## [WHAT THE TASK REQUIRES]
Records follow. Print exactly the lines from the one that has "Продам дуже зручне крісло-реклайнер" through the one that has "LOXAHATCHEE GROVES - Residential Lease", inclusive, and omit the pictures.

## [AVAILABLE RECORDS]
BEGIN
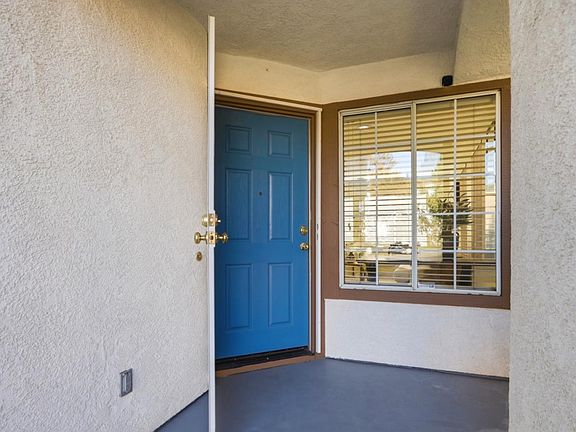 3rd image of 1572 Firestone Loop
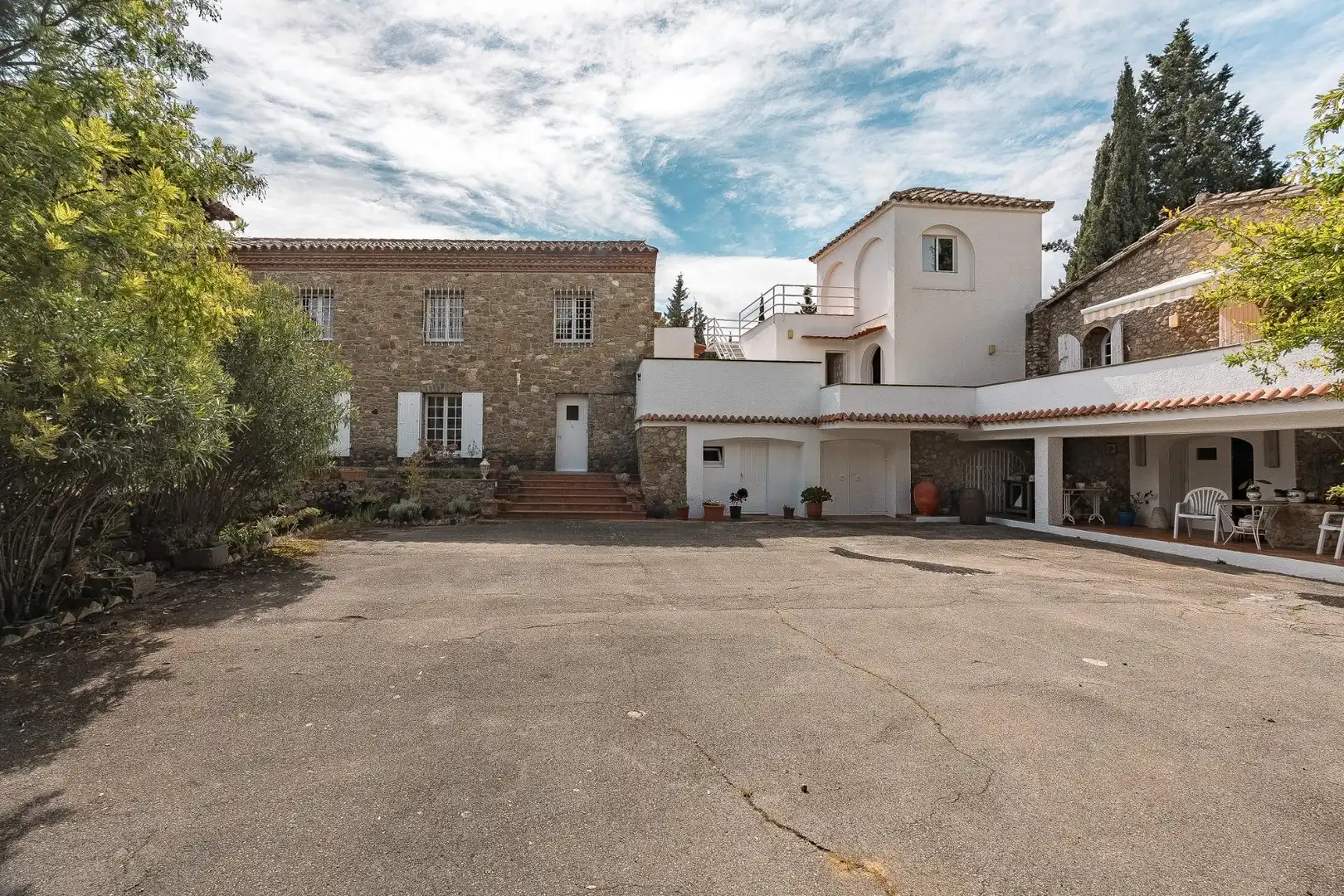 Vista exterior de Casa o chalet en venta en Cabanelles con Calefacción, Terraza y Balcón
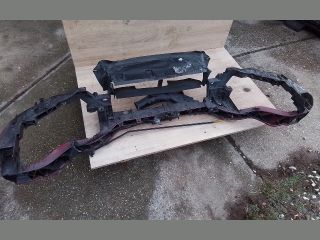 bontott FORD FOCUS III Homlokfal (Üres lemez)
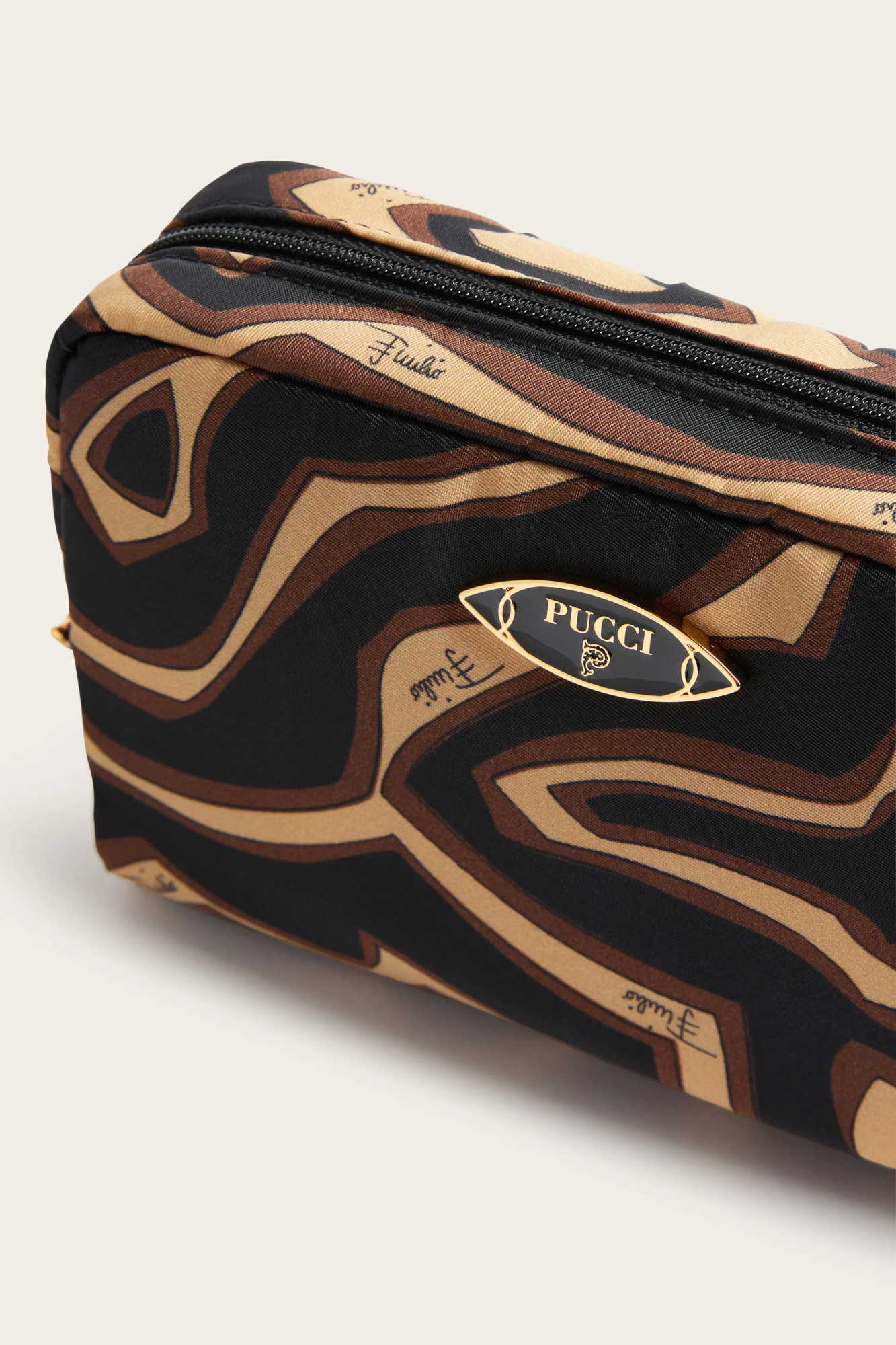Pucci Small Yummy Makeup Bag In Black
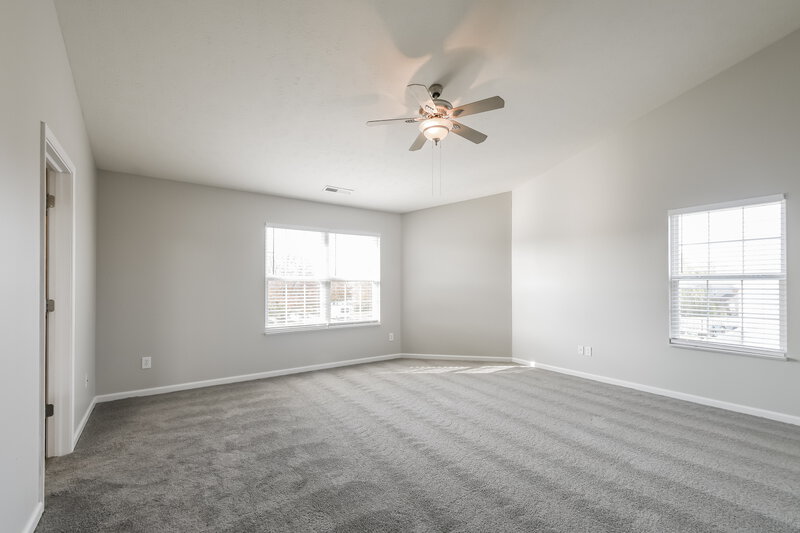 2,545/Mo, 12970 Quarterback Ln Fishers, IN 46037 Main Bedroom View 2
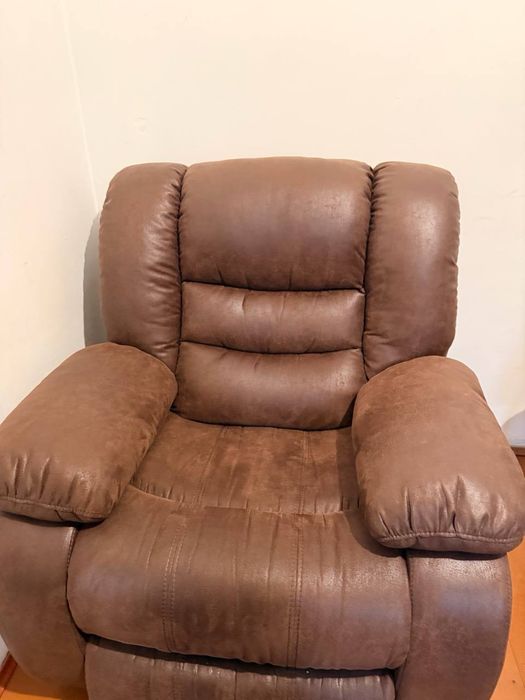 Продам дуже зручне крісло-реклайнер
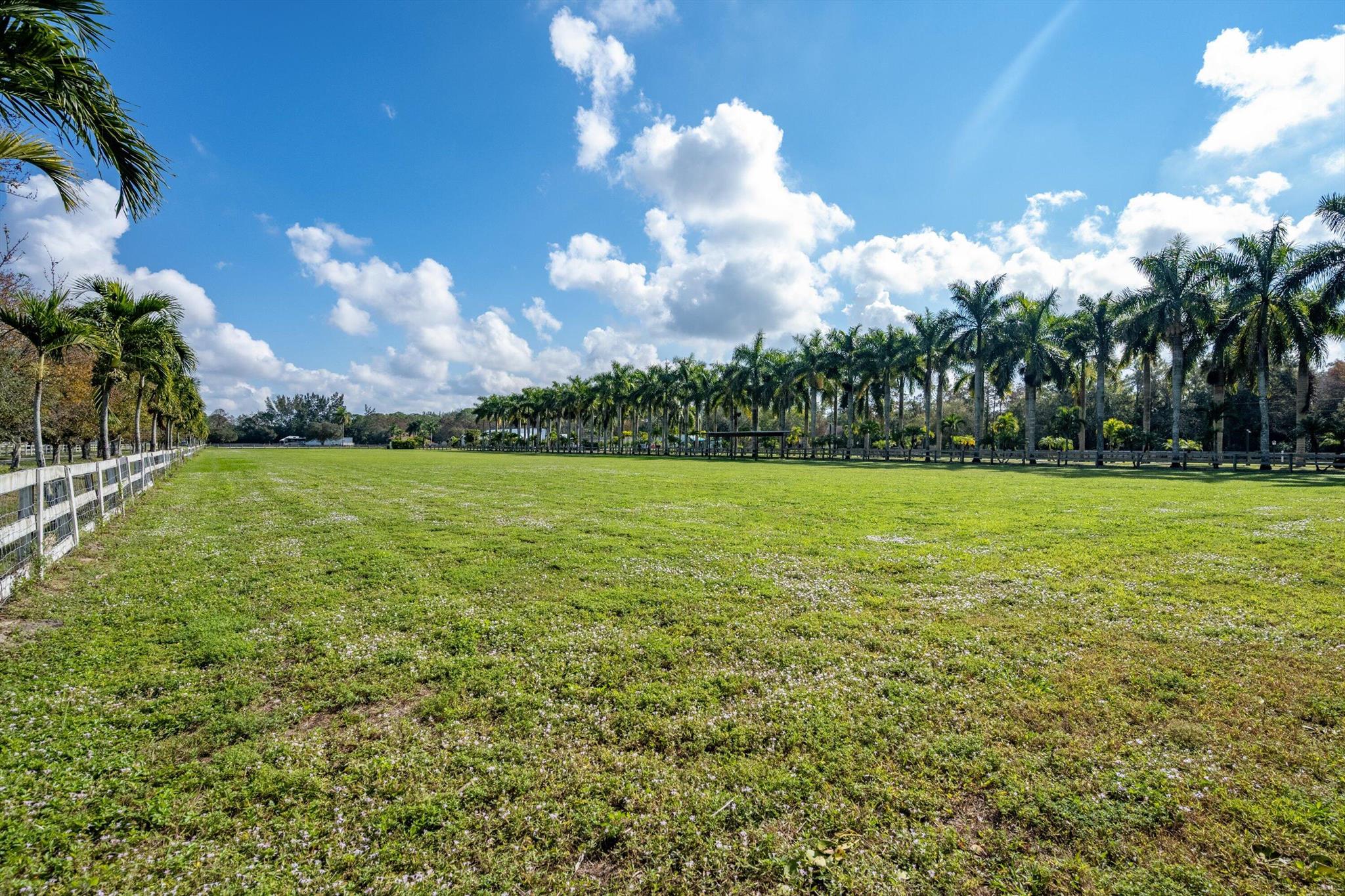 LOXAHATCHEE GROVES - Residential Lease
END
BEGIN
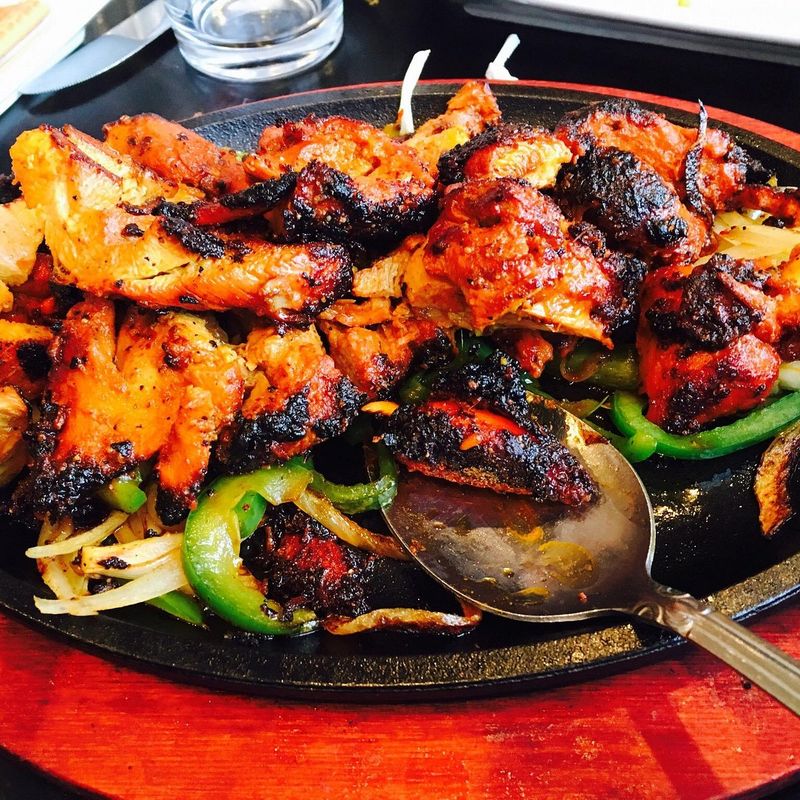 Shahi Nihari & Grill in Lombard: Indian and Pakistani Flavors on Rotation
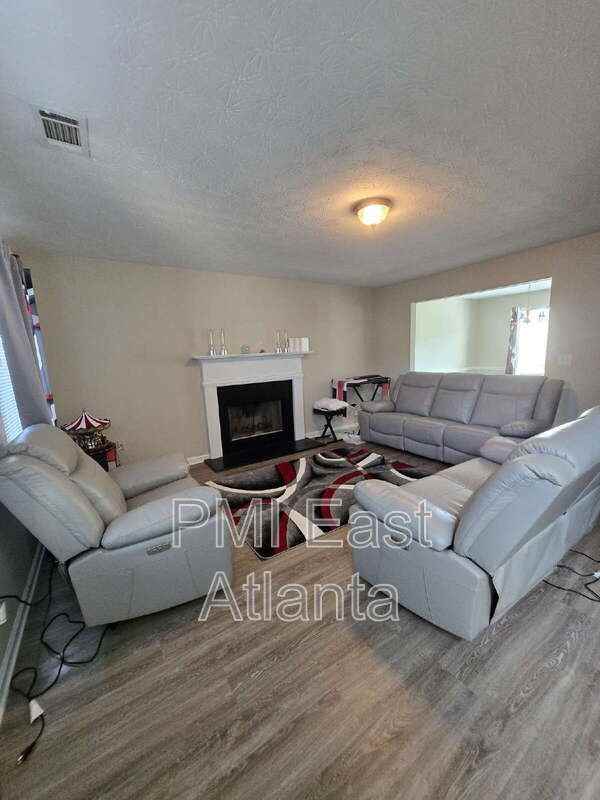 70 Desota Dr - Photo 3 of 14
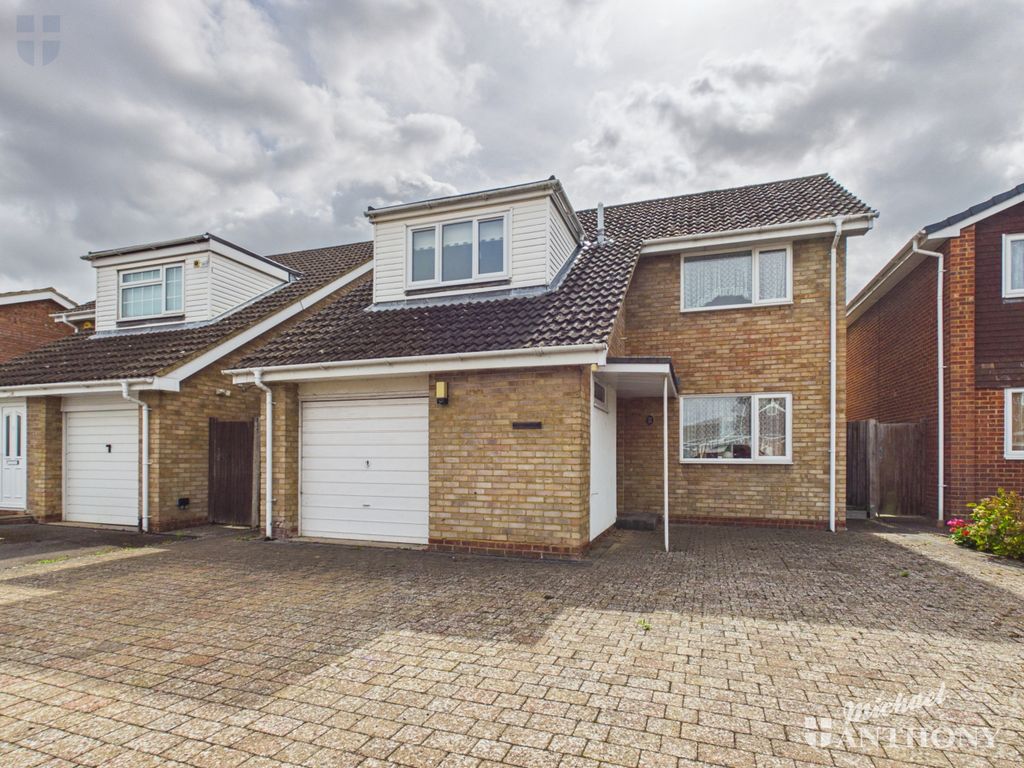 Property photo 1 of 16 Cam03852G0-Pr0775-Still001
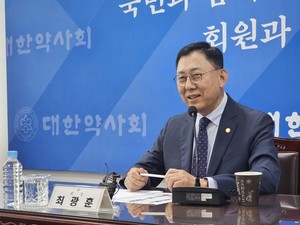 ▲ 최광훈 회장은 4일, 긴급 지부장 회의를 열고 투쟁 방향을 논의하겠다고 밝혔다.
END
## [SOLUTION FOR THIS EXERCISE]
 Продам дуже зручне крісло-реклайнер
 LOXAHATCHEE GROVES - Residential Lease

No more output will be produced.